Becoming an independent financial advisor and starting your own RIA isn’t all easy. But it can also be one of the best decisions you can make if going independent is the best thing for you and your clients.  As someone who did it myself back in 2021 the journey, process, and good & bad of it all are still fresh.

For me, and a lot of other advisors that have gone the IRA route there are benefits like added freedom to run the practice you’ve always dreamed of with the clients you’ve always wanted.  You also have more control over realizing a healthier work-life balance – which all of us could use more of these days!

Are there downsides to starting your own RIA?  Sure!  It can be scary and there’s a lot of uncertainty at first.  I miss some of the people I used to work with as well, but at the end of the day doing what was right for me and my clients was too important to ignore any longer and is why I was compelled to start an RIA.

As I mentioned in part 1 of this series, the road I took to becoming fully independent was a bumpy ride. I’d like to share more of my experience with you in this blog post to hopefully make your journey a little easier.

Continuing on from the last post here are some additional steps you can learn from on how to start your RIA.

Step 6: RIA registration, ongoing compliance, and custodian

Man, when I went out on my own, this part of becoming an RIA was a black hole. There are so many options to choose from.

Fortunately, though, I came to find that RIA registration has basically become commoditized. It has become a pretty straightforward process, and a number of firms are helping advisors through the entire process. I interviewed a couple of different firms after doing a lot of online research and ended up picking the firm that not only knew what they were doing. You are going to have a million and one questions when going through the RIA formation & registration process so it’s important to have the right partner.

Choosing an RIA registration firm

After interviewing several firms specializing in RIA registration for Financial Advisors I narrowed my final options down to two firms that specialize in registering RIAs that you can investigate are:

  • FINComplaince – who I used for RIA registration and who I still currently use for ongoing compliance, etc.
  • Foreside

Go with the firm that makes you feel like you’re a human, rather than just a number.

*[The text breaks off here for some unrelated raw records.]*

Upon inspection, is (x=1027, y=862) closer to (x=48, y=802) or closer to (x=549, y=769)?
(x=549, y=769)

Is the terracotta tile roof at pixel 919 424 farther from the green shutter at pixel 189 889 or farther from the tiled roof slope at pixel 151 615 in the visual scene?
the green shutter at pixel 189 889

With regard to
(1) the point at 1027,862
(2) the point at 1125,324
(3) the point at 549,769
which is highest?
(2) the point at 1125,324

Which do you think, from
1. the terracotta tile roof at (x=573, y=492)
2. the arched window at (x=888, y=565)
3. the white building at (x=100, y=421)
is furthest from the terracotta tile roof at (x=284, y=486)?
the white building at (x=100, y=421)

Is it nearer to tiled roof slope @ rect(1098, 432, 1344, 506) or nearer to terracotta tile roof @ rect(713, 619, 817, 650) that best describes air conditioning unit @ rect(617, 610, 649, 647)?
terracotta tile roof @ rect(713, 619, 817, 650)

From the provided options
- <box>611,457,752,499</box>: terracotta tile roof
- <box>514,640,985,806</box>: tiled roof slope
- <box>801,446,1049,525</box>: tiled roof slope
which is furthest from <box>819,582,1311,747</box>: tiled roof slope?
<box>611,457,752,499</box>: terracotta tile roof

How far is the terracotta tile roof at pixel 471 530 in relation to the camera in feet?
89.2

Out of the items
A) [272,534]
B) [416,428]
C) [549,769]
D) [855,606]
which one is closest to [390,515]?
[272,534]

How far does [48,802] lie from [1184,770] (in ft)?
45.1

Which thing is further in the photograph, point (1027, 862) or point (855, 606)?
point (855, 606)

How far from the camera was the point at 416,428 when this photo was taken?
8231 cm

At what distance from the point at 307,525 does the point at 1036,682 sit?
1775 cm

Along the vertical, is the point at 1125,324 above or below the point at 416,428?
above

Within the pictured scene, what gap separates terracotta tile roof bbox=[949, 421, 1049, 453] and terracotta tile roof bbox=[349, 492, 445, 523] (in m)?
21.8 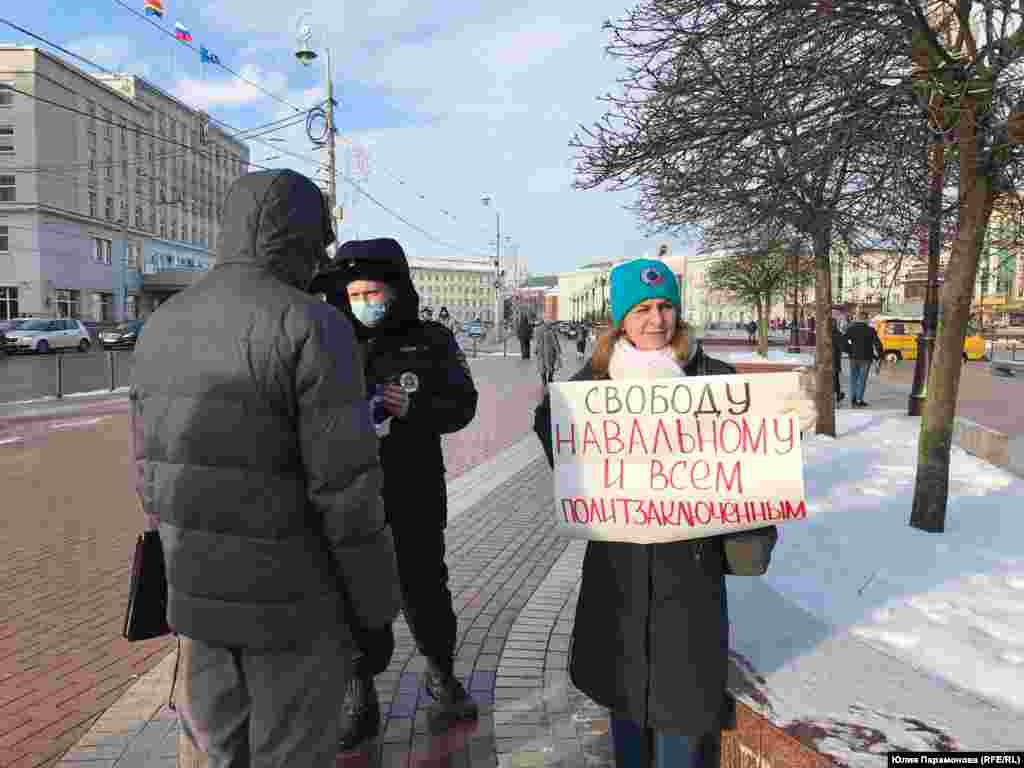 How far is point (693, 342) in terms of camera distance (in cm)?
241

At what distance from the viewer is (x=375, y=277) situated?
2.87 meters

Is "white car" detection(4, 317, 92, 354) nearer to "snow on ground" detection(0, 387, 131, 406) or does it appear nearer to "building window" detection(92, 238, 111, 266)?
"snow on ground" detection(0, 387, 131, 406)

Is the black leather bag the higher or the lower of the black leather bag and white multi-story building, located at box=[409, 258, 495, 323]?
the lower

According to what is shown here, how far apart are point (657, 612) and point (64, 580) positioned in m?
4.48

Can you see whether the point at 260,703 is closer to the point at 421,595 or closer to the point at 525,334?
the point at 421,595

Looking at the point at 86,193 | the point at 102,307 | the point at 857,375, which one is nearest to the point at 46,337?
the point at 857,375

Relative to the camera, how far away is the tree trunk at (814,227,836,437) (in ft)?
29.8

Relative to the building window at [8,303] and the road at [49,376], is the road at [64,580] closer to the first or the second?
the road at [49,376]

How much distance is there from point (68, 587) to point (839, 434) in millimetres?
8255

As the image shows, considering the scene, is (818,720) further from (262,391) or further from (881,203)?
(881,203)

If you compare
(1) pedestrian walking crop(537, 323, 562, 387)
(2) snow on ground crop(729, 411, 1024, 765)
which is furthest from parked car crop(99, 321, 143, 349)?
(2) snow on ground crop(729, 411, 1024, 765)

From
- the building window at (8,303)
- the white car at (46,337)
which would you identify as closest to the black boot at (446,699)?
the white car at (46,337)

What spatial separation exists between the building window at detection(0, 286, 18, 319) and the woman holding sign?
61206 millimetres

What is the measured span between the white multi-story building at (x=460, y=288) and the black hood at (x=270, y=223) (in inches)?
4934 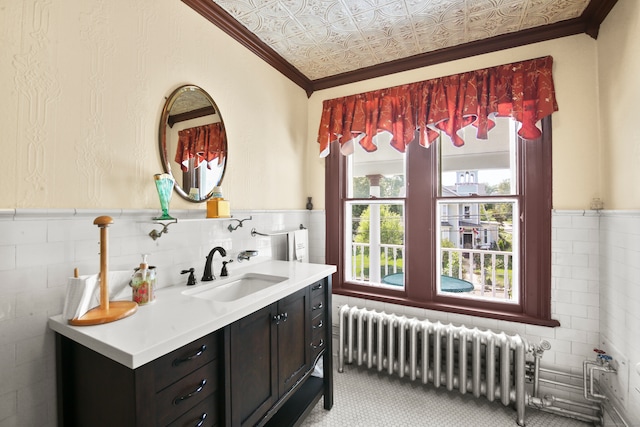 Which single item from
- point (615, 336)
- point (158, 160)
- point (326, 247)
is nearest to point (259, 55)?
point (158, 160)

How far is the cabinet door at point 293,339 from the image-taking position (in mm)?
1574

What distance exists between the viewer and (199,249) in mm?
1808

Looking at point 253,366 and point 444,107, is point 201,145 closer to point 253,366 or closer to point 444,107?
point 253,366

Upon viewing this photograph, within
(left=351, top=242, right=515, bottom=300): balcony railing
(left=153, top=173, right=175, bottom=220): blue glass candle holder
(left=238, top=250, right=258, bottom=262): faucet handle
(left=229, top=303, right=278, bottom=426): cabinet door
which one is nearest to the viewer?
(left=229, top=303, right=278, bottom=426): cabinet door

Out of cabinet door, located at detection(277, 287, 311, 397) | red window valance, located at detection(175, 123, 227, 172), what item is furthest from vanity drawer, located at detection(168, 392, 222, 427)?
red window valance, located at detection(175, 123, 227, 172)

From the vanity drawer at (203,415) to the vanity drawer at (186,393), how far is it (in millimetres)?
19

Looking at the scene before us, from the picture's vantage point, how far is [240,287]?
1.89m

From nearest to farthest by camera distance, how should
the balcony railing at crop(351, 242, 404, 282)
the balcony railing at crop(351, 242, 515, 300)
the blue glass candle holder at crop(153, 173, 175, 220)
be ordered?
the blue glass candle holder at crop(153, 173, 175, 220), the balcony railing at crop(351, 242, 515, 300), the balcony railing at crop(351, 242, 404, 282)

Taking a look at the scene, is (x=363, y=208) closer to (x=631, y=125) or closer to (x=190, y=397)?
(x=631, y=125)

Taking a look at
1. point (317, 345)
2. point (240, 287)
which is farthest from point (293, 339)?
point (240, 287)

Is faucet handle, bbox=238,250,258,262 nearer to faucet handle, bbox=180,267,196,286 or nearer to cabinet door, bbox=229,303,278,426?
faucet handle, bbox=180,267,196,286

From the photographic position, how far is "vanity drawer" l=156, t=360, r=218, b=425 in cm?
97

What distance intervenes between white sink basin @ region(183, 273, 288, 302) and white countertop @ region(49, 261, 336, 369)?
0.11 metres

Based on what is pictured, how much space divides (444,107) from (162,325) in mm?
2416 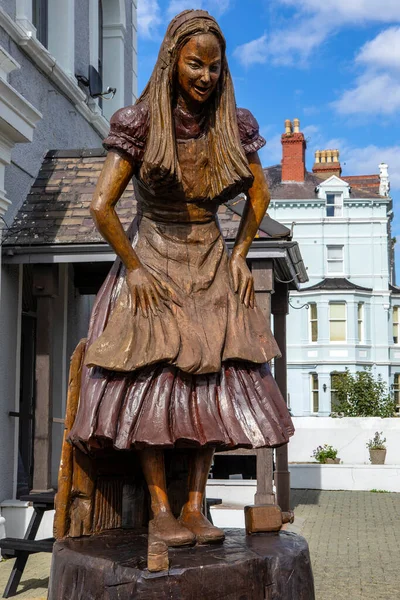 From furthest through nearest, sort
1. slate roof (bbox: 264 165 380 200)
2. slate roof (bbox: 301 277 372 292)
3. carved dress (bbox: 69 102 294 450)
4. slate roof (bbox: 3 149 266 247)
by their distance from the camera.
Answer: slate roof (bbox: 264 165 380 200)
slate roof (bbox: 301 277 372 292)
slate roof (bbox: 3 149 266 247)
carved dress (bbox: 69 102 294 450)

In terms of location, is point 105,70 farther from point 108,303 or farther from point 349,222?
point 349,222

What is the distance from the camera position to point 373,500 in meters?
14.2

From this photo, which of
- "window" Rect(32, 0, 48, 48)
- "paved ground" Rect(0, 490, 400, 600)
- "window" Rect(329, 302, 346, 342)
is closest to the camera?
"paved ground" Rect(0, 490, 400, 600)

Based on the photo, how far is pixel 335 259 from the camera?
3466cm

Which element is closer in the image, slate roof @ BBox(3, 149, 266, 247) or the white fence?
slate roof @ BBox(3, 149, 266, 247)

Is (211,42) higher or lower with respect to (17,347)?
higher

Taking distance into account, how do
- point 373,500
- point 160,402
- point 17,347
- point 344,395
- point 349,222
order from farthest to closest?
1. point 349,222
2. point 344,395
3. point 373,500
4. point 17,347
5. point 160,402

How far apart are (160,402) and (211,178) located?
3.48 ft

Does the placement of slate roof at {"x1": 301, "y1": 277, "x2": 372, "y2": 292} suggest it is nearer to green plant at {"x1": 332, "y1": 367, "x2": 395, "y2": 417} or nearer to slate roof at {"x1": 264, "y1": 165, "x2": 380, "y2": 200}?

And choose one that can handle the entire RIA registration process for you.

The right firm will be able to draft all the various forms and documents you’ll need to register as an RIA, saving you time and money in the long run. They will also help you register with the Securities and Exchange Commission (SEC) or the State depending on what registration you’re going for.

Some points on the RIA registration process

Here are a few things I learned along the way that you may not know yet:

  • It can take anywhere between 60 and 90 days for your RIA registration to be approved after submitting everything; state registrations tend to take longer.
  • It can cost between $3,500 and $5,000 (or more, possibly) to have the firm do everything for you.
  •  There are additional fees to consider as well, such as notice filing in each state. I recently spent over $800 just to register in three states.

You will most likely become your Chief Compliance Officer

I decided to be my own compliance officer (CCO).  It sounds worse than it is in reality and with the right ongoing partner is pretty straight forward actually.  It costs me a little over $300 a month for me to get all the compliance support that I need. It’s not as much work, and it’s not as expensive as you may think it is to handle your own compliance.

The firm you work with will most likely have compliance templates that you can use. They’ll also help ensure your ducks are in a row as your own CCO.

Don’t hesitate to invest in your compliance program and support. It is only a matter of time before you are audited by either the State or SEC so better to have everything in order.  Not only is it a basic requirement to have the right compliance protocols in place but you owe it to yourself and the clients you serve.

Custodian selection

You can use multiple custodians if you’d like. I currently use Altruist for all of my clients but just in case also got set up on the Morningstar platform in case I needed something that Altruist couldn’t do which I have yet to find by the way! 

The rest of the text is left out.